『青い星、此処で僕らは何をしようか』

作成者
後藤正文, 藤原辰史著
出版者
ミシマ社
刊年
2024.12

人と話すときは、お互いに向かい合うより、横に並んで同じ方向を向いている方が話しやすいと思いませんか?目線の先に話題となる対象があれば、なおさら話しやすい。本書はミュージシャン・後藤正文と歴史学者・藤原辰史が様々な対象を前にやりとりを交わした記録をまとめたものです。

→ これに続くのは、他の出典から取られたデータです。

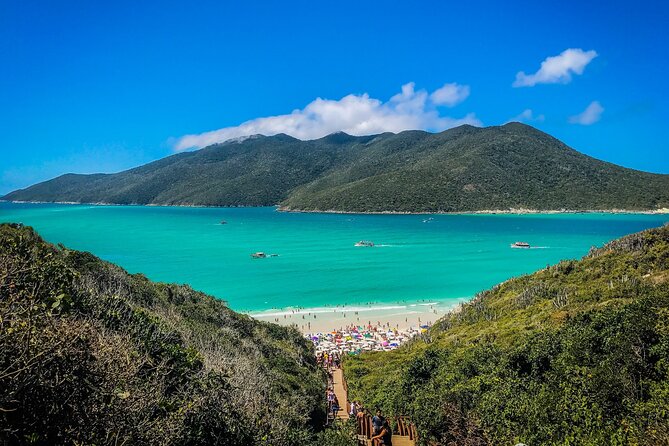 Arraial do Cabo Day Trip from Rio de Janeiro: Boat Tour & Beach - Ilha do Farol and the first swim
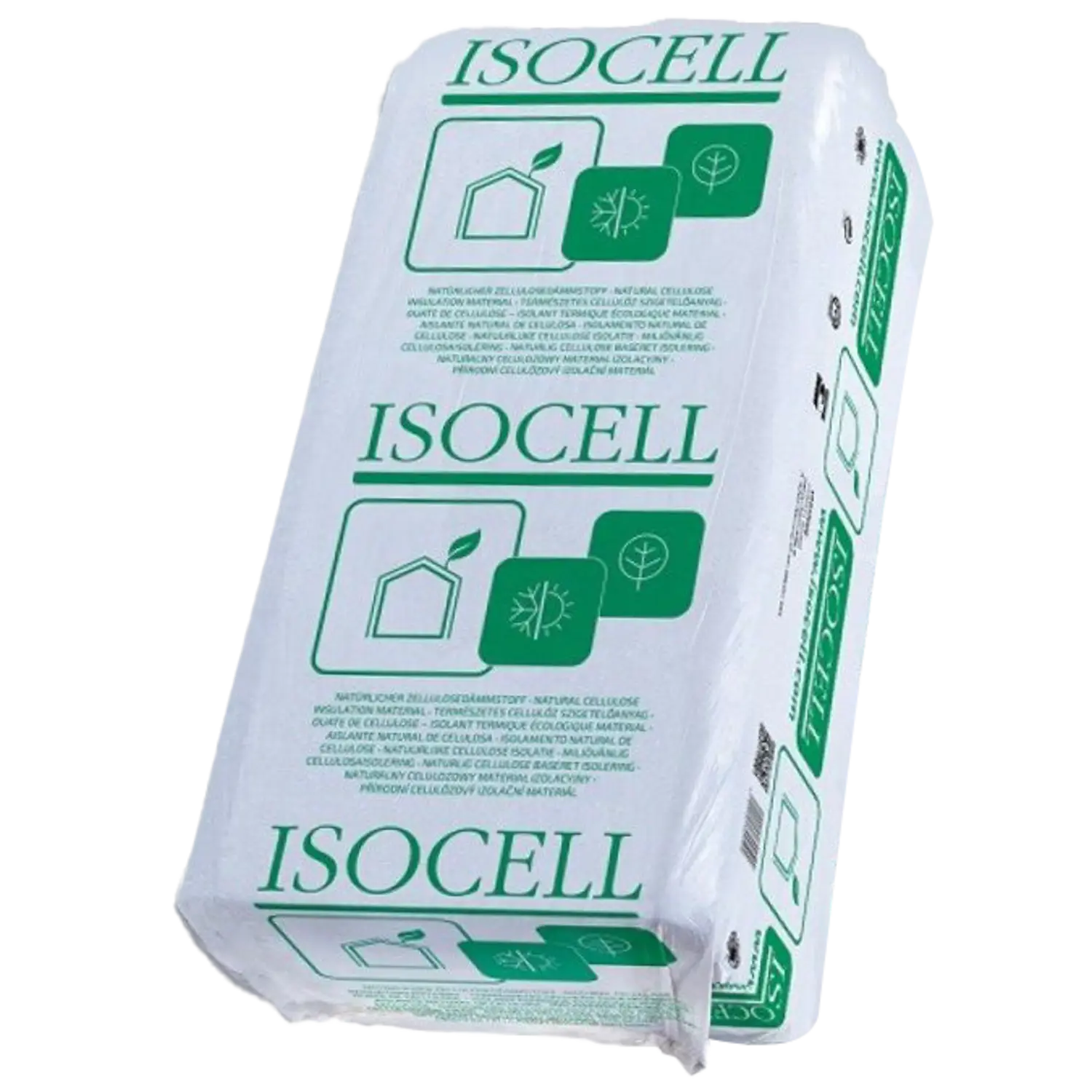 Isocell papiruld isolering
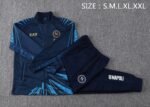 Adult/ Kids 2526 Napoli Full zipper Training Suit Dark Blue - Image 3
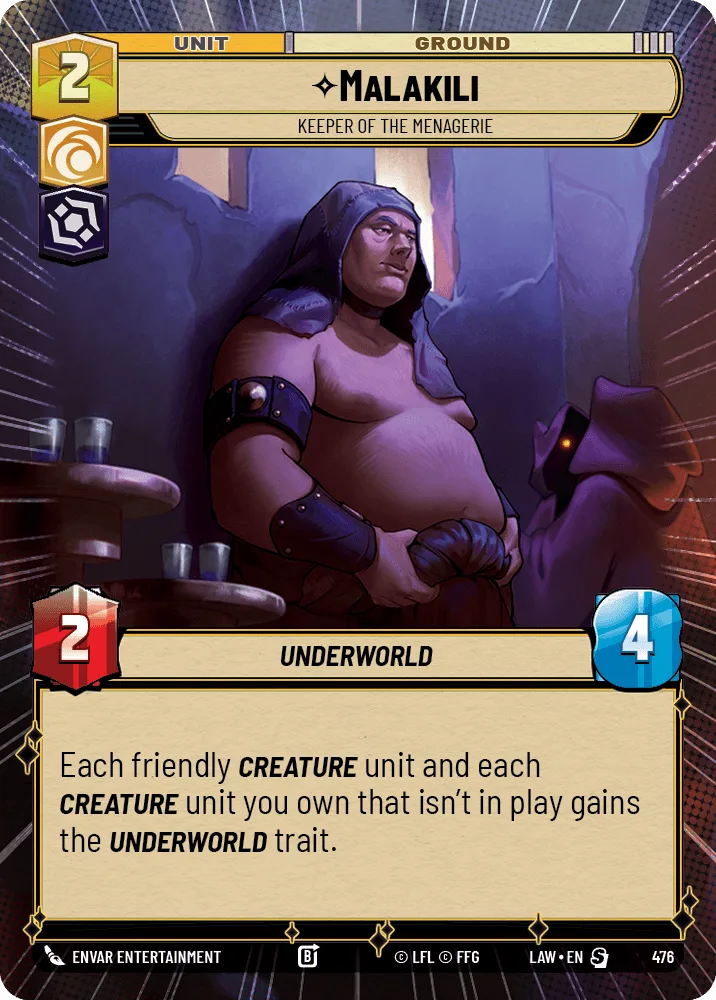 Malakili - Keeper of the Menagerie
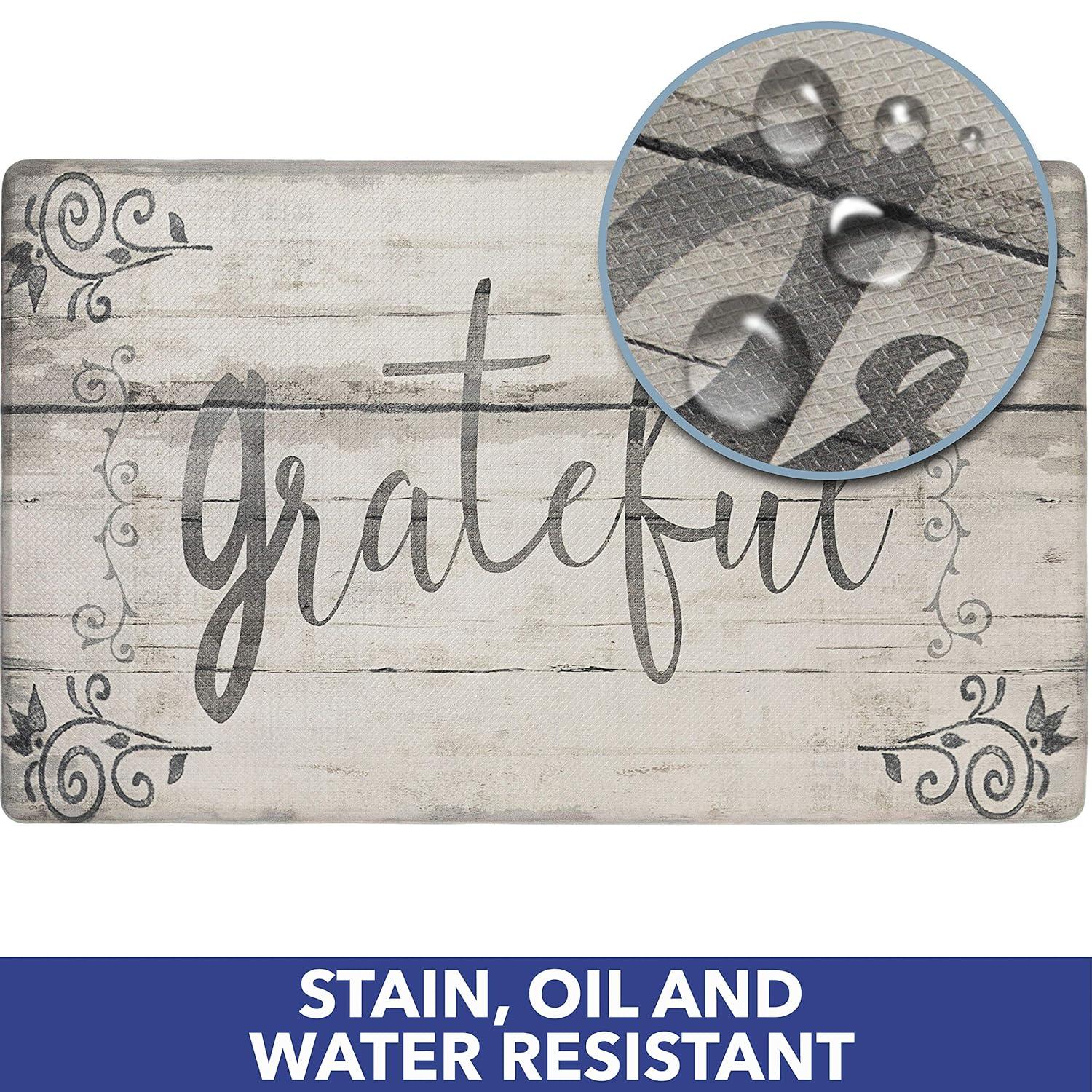 SoHome Cozy Living Grateful Floral Anti-Fatigue Mat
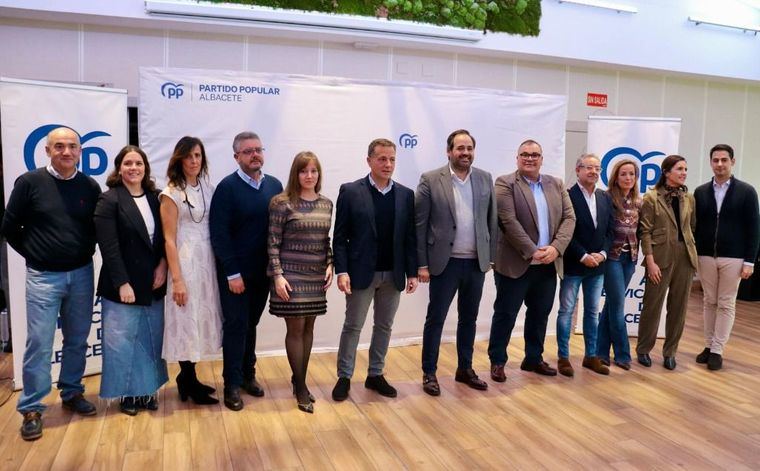 Núñez, en el encuentro de Navidad del PP de Albacete: “El PSOE perjudica gravemente los intereses y el futuro de los castellanomanchegos”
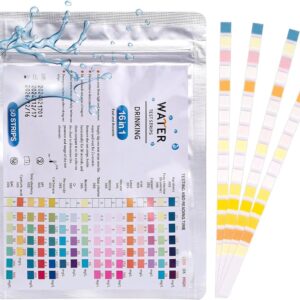Teststrips voor drinkwater (16 parameters, 50 stuks)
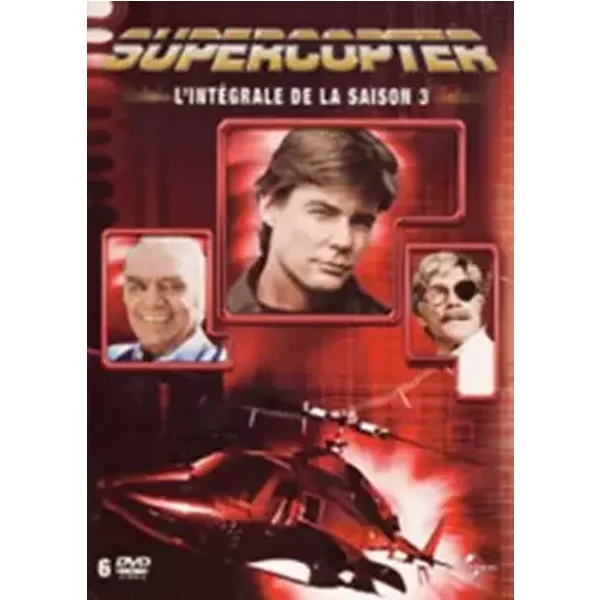 Supercopter: L'integrale de la saison 3 - Donald P.Bellisario
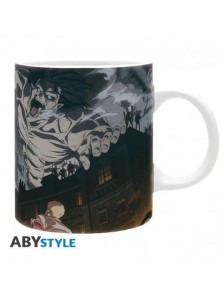 Abymuga116 - Attack On Titan - Tazza 320ml - Eren Gadget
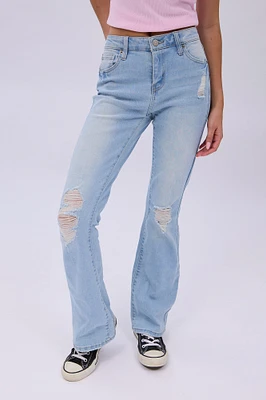 Mid Rise Bootcut Jeans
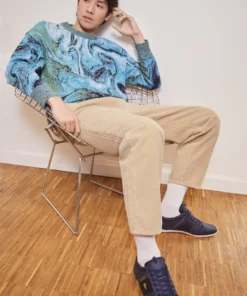 Lacoste CHAYMON - Baskets Basses - Navy/black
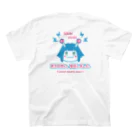 elmi_niikawaの貴方の想い、受信しました。　胸元と背面版 スタンダードTシャツの裏面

 たまたま同じ年の同じ日に生まれた二人。まずは、彼らの誕生日である1976年12月2日の五大紙を目の前に語りはじめます。音楽と学問、全く異なる分野で活躍する二人が新聞の記事や広告を眺めながら、選挙から当時の政局、食糧自給率、環境問題、働くことにおける倫理観など、話題は広がります。冷蔵庫の広告をきっかけに「食料を保存できるようになったことが戦争に与えた影響」に言及されるところは専門家ならでは。どの話題も過去を懐かしむだけでなく、現在へとつながる語り口で言葉が交わされる様子が印象的です。オンラインでの講義と対話、上勝ゼロ・ウェイストセンター、書簡へと舞台を移し、対話は続いていきます。
 タイトルに「此処で僕らは何をしようか」とあるように、未来や目の前の問題「を」どうにかしよう、ではなく、地球というみんなの星「で」何をしていこうか、という対話の軌跡をなぞる1冊。言葉の交換、していきませんか?